Tuesday, September 4, 2018

OSR Commentary - Beyond Eleven The Dungeons & Dragons Rules Cyclopedia By Frank Mentzer Edited & Collected By Aaron Allston

Sure it came out in Nineteen Ninety One but the D&D Rules Cyclopedia is the version of the grand game that I'd have with me if I was stuck on a desert island with a group of players. It has everything that was in
the Frank Mentzer D&D Basic Rules Set (1983), & opens it up by a factor of ten.

The D&D Rule Cyclopedia is a one book tool kit for handling all of the classic modules & adventures plus being able to run a whole gauntlet's worth of old school play.
With Dungeons & Dragons adventures like  'WG4: The Forgotten Temple of Tharizdun' with its combat scores of norkers, ogres, hill giants, ettins, & mountain giants the Rule Cyclopedia could handle it with little problem. This is not a beginner book at all but a book that collects almost all of the information that came out in the various sets of  Frank Mentzer's box sets. I love the Cyclopedia due to the fact that it is an 'all in one' book. Can it do everything from urban adventuring to full on dungeon crawling. Here are some of my favorite highlights of  the Rule Cyclopedia:

  • The Stronghold creation rules are very nicely done. 
  • The Mystic class which to me is a great  version of the Dungeons & Dragons Monk class
  • The whole paradigm of Immortals instead of Gods helps to flavor the flavor of Mystara's mythology into the Known World setting. 
  • All of the Basic D&D rules are here with most of the character classes so its a one stop for Basic gaming
  • The whole book is one old school Dungeons & Dragons Swiss army knife of an adventure construction tool kit. 
  •  Treasure, Spells, Monsters, Maps of Mystara (a campaign setting), Alternate Rules, etc. are all within easy reach of the players & dungeon master. 
Beyond merely kicking the wheels off of the PC's the Dungeons & Dragons Rules Cyclopedia takes the PC's into higher society with each level. They go from being the lowly peasants to the full elite of society. This book takes this very fact into account as hirelings & minions can not only be hired by the PC's but fully fleshed out.

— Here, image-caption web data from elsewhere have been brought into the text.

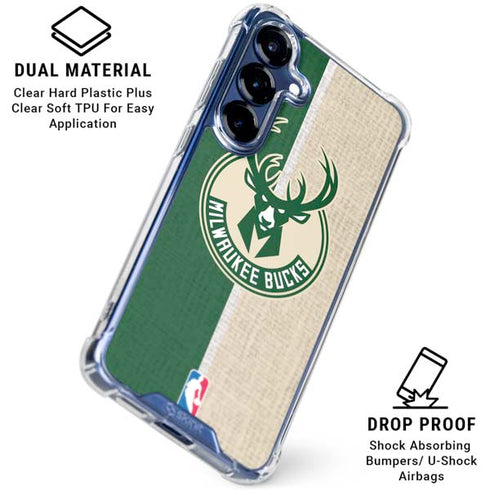 NBA Milwaukee Bucks Split Canvas Galaxy S25 Plus Clear Case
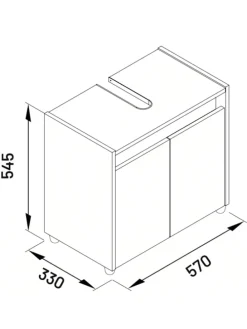 Holz Badschrank Badunterschrank Waschbecken Cosila in Anthrazit / Honig-Eiche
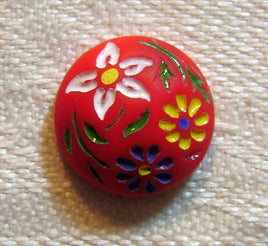 3906. Red Flowers Cabochons.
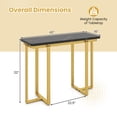 thumbnail image 3 of Gymax Console Table 42'' Modern Faux Marble Entryway Table w/ Geometric Metal Frame Black, 3 of 10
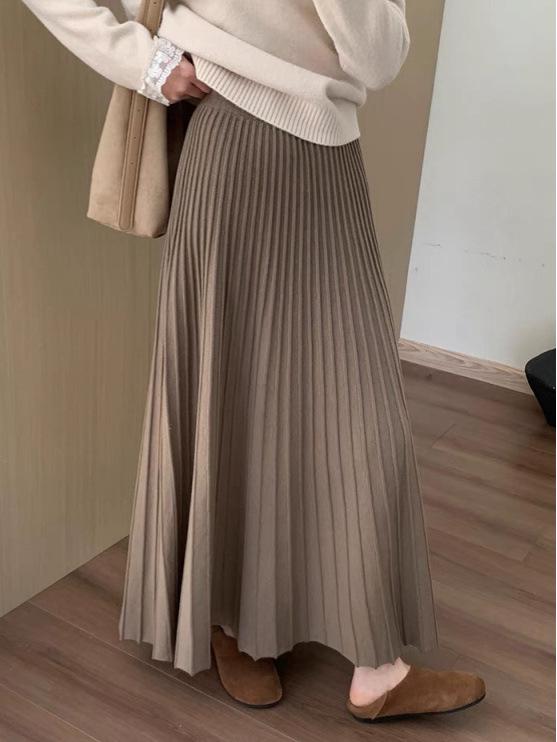 2025 Winter Women's High-Waisted Pleated Knitted Midi Skirt - Korean Style, Casual, Thickened, Slimming Design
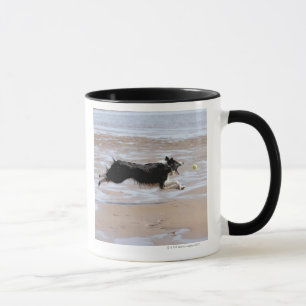 Hond jaagt een bal op het strand mok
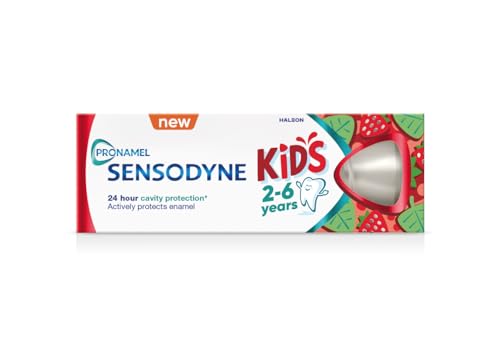 SENSODYNE PRONAMEL Kids 2-6 g Toothpaste 50 ml for Children from 2 to 6 Years Old Protects Teeth from Cavities Strawberry Flavored Pack of 3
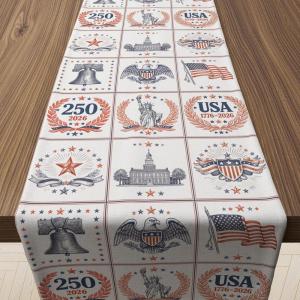 4th of July Decorations – 250th Anniversary Patriotic Table Runner for Memorial Day | 1776–2026 Fourth of July Accessories Table Decor Party Supplies for Home Indoor Outdoor(250th Anniversary)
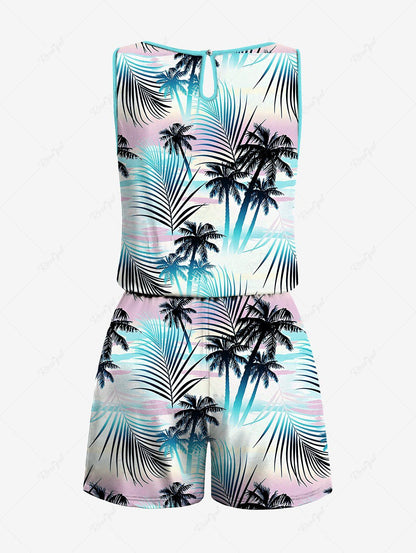 Plus Size Tropical Leaf Coconut Tree Print Cinched Hawaii Romper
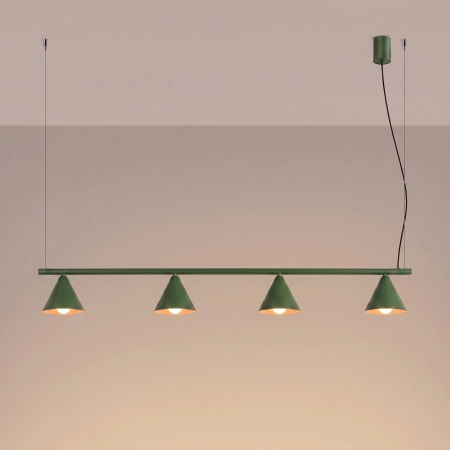 Żyrandol stalowy oliwkowy 4-punktowy NOX 4L SL.2555 - Sollux Lighting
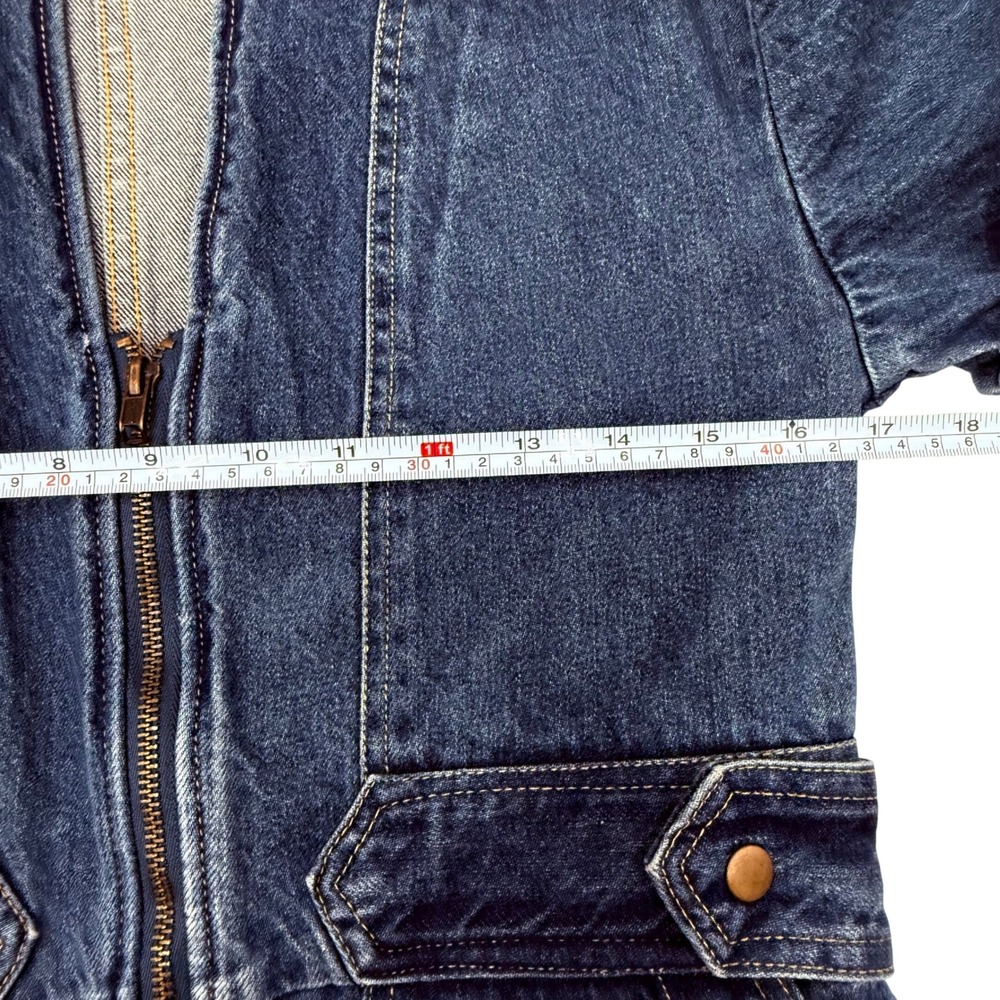 Free People Dream On Denim Mini Dress Size S Blue Utility Zip Front Pockets - Picture 5 of 9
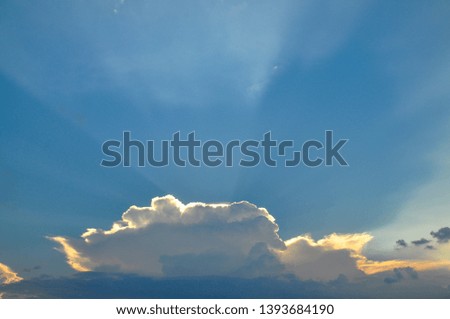 White Cloud with Bule Sky and Sunlight Nature Background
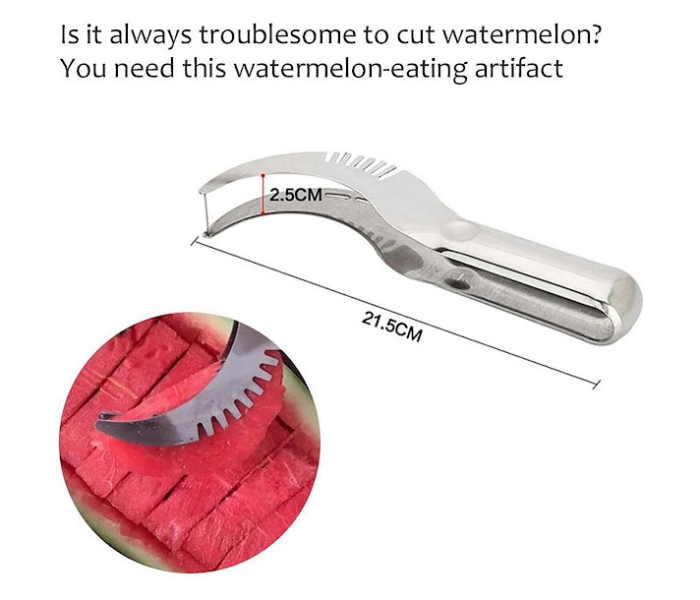 GTC 2 PCS Multipurpose Watermelon Slicer - Silver - Zoom Image 7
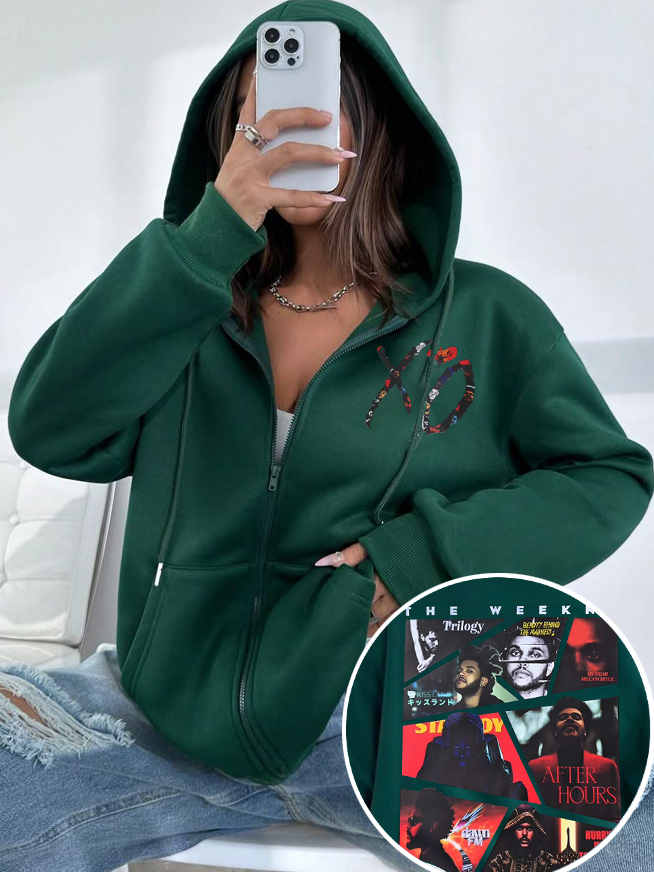 theweeknd double-sided printed round neck sweatshirt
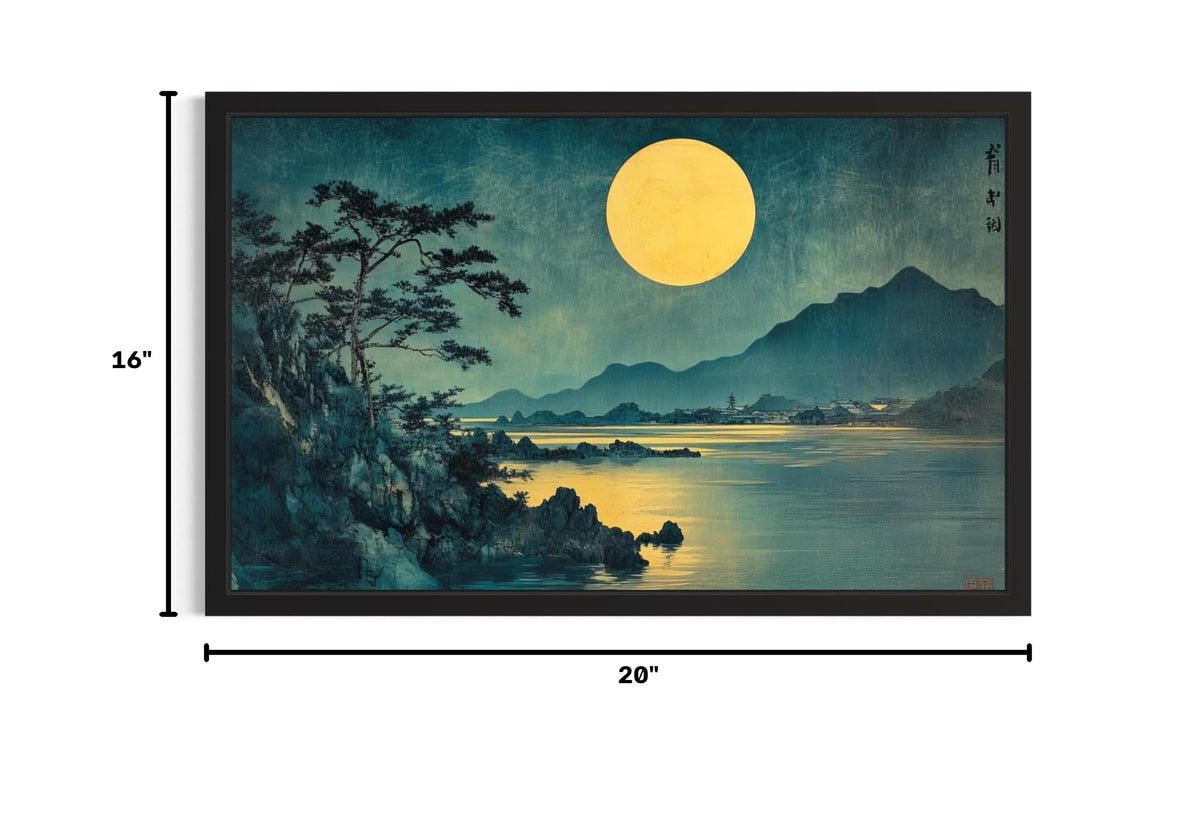 Moonlit Night Framed Wall Art Print Poster (Moonlit Night / 20"L x 16"W)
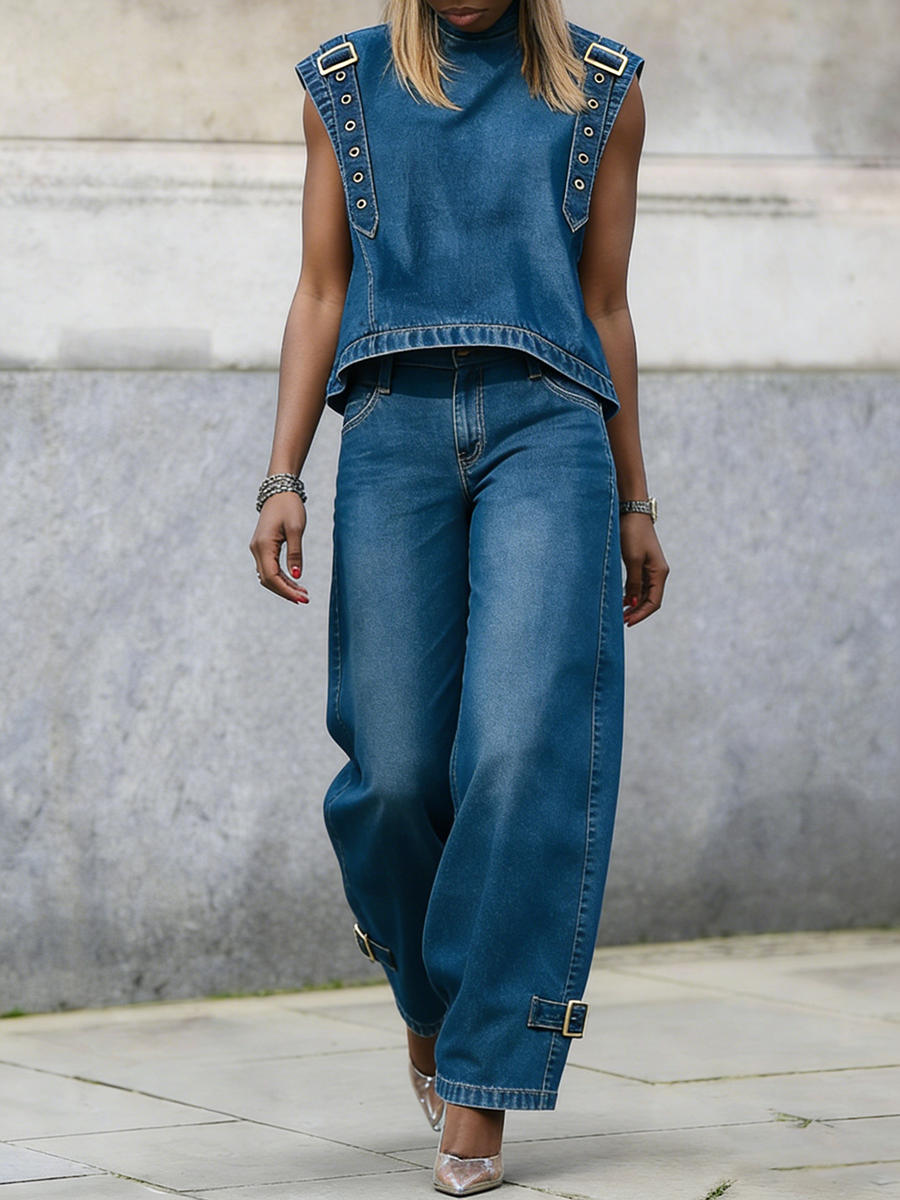 Jade™ | Sleeveless Denim Shirt with High Collar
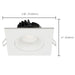 Remote Driver LED Downlight Satco S11627R1 12 Watt LED Direct Wire Downlight - Gimbaled - 3.5 Inch - CCT Selectable - Square - Remote Driver - White Finish - 840 Lumens - 120 Volt Satco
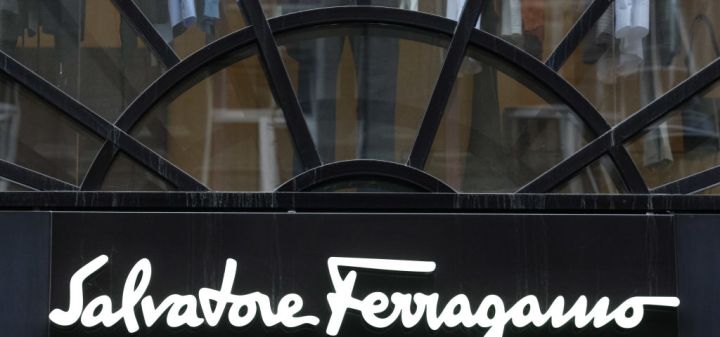 Salvatore Ferragamo logo seen over the entrance to a brand...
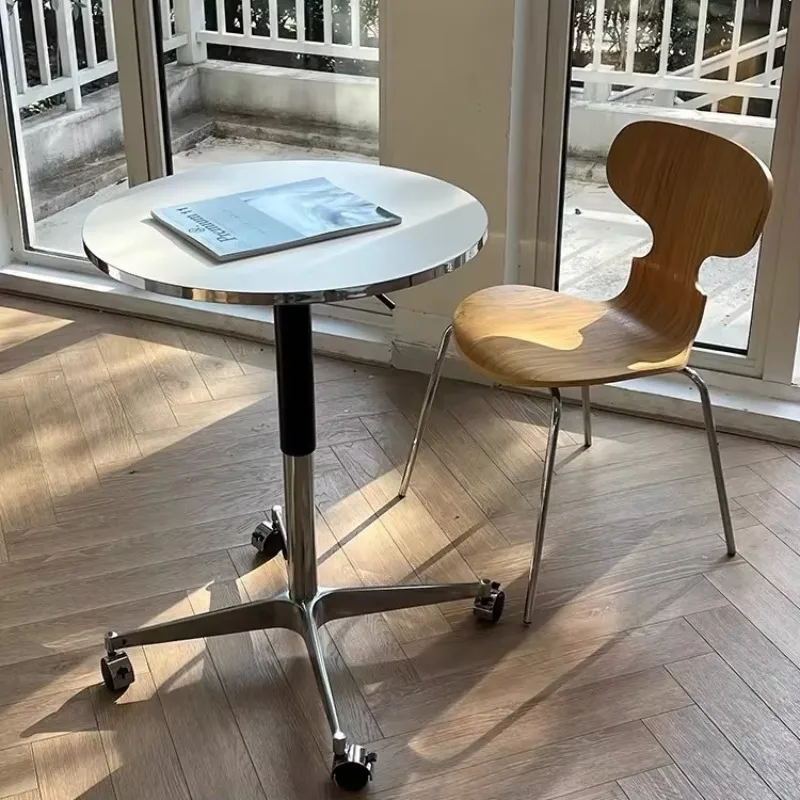 Modern Eames Dining Table, Adjustable Silver-Edge Desk with Movable Base, Minimalist Table for Small Spaces and Home Office Use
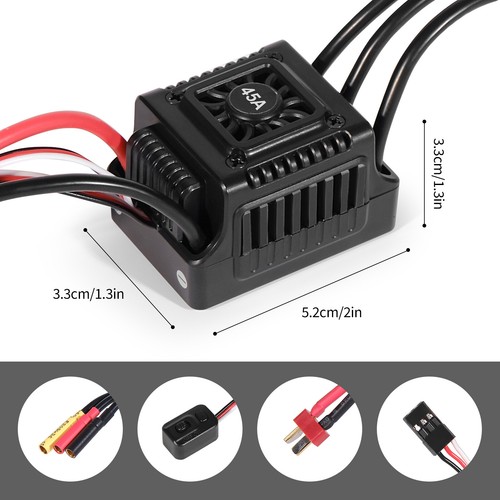 SENSORLESS BRUSHLESS ESC FOR CAR for 1/10 RC Entry-level Players WSDT-45A - Picture 3 of 23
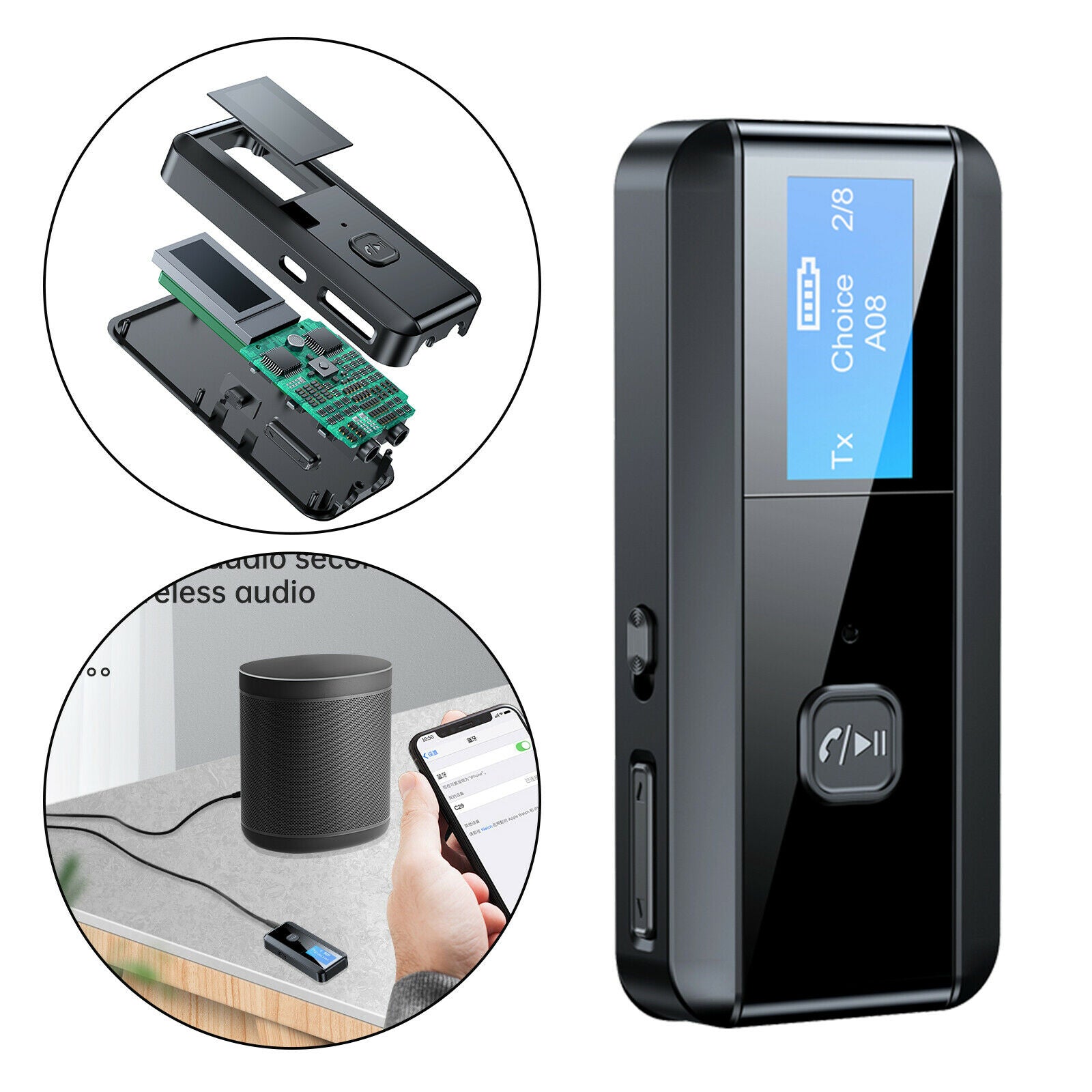 2-in-1 Bluetooth 5.0 Adapter Transmitter & Receiver with Mic for Headphones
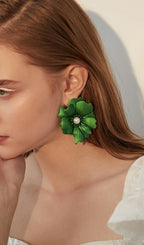 Atalanta Green Petal Alloy Earrings Flowering Girl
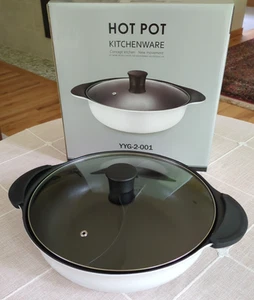 Hot Pot Kitchenware Nonstick with Divider & Lid, White YYG-2-001 Lightly used - Foto 1 di 10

The adventurer's system rules are really fleshed out.
This means that the Dungeons & Dragons Rules Cyclopedia can easily handle everything from quasi historical fantasy to straight up science fantasy with a horror twist with the rules presented. There is a very good break down of the differences between classic  Mentzer BECM D&D and Allston Rules Cyclopedia D&D.

The simple style & no nonsense school of design here lends itself to the type of hard knocks that old school players are used to from the Expert Dungeons & Dragons blue book. But the Dungeons & Dragons Rules Cyclopedia takes things in a different direction with the player's PC's dealing in the realities of dungeon delving & adventuring.

There seems to be a take no prisoners attitude when it comes to the design & writing of
the Dungeons & Dragons Rules Cyclopedia. The reader it seems to be assumed knows what he or she is doing. The rules here do not suffer fools gladly. The lethality of the Dungeons & Dragons Rules Cyclopedia rules are something I've always admired in this book. I really admire how the whole package overall fits in the narrative of the Dungeons & Dragons set up in the line. The fact is that the Rules Cyclopedia is meant for experienced D&D players, Mentzer D&D is the easier pick up and go play game.